ECLI:NL:GHSHE:2020:630

Gerechtshof 's-Hertogenbosch

Datum uitspraak
20 februari 2020
Publicatiedatum
20 februari 2020
Zaaknummer
200.236.095_01
Instantie
Gerechtshof 's-Hertogenbosch
Type
Uitspraak
Procedures
  • Hoger beroep
Vindplaatsen
  • Rechtspraak.nl
AI samenvatting door LexboostAutomatisch gegenereerd

Tussenuitspraak inzake zorgregeling en omgangsrecht in een familiekwestie

In deze zaak heeft het Gerechtshof 's-Hertogenbosch op 20 februari 2020 uitspraak gedaan in hoger beroep betreffende de zorgregeling en het omgangsrecht tussen een vader en zijn kinderen. De moeder, appellante in deze procedure, heeft verzocht om een zorgregeling vast te stellen, maar het hof oordeelt dat dit op dit moment niet in het belang van de kinderen is. De vader heeft in het verleden te maken gehad met problemen zoals alcohol- en drugsgebruik, wat heeft geleid tot een negatieve invloed op de kinderen en hun ontwikkeling. Het hof heeft vastgesteld dat er een wijziging van omstandigheden is die een herbeoordeling van de zorgregeling noodzakelijk maakt. De Raad voor de Kinderbescherming heeft geadviseerd om de procedure aan te houden en te bezien of er een begeleid maatwerktraject kan worden opgezet. Het hof onderschrijft dit advies, maar concludeert dat een structurele zorgregeling op dit moment ernstige nadelen zou opleveren voor de kinderen. De vader wordt het recht op omgang ontzegd, maar er is ruimte voor toekomstige positieve ontwikkelingen indien de vader zijn problemen aanpakt.
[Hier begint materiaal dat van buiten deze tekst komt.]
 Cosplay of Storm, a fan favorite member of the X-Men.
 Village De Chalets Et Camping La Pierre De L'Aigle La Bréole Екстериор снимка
De beslissing van het hof vernietigt de eerdere beschikking van de rechtbank Limburg en wijst het verzoek van de vader af.

Uitspraak

GERECHTSHOF 's-HERTOGENBOSCH
Team familie- en jeugdrecht
Uitspraak: 20 februari 2020
Zaaknummer: 200.236.095/01
Zaaknummer eerste aanleg: C/04/128019 / FA RK 14-179
in de zaak in hoger beroep van:
[de moeder],
wonende te [woonplaats] ,
appellante,
hierna te noemen: de moeder,
advocaat: mr. S.C. van Heerd,
tegen
[de vader],
wonende te [woonplaats] ,
verweerder,
hierna te noemen: de vader,
advocaat: onttrokken (voorheen mr. S. Smeets).
In zijn hoedanigheid als omschreven in artikel 810 van het Wetboek van Burgerlijke Rechtsvordering is in de procedure gekend:
de Raad voor de Kinderbescherming,
regio Zuidoost Nederland, locatie [locatie] ,
hierna te noemen: de raad.
als vervolg op de beschikking van het hof van 14 maart 2019.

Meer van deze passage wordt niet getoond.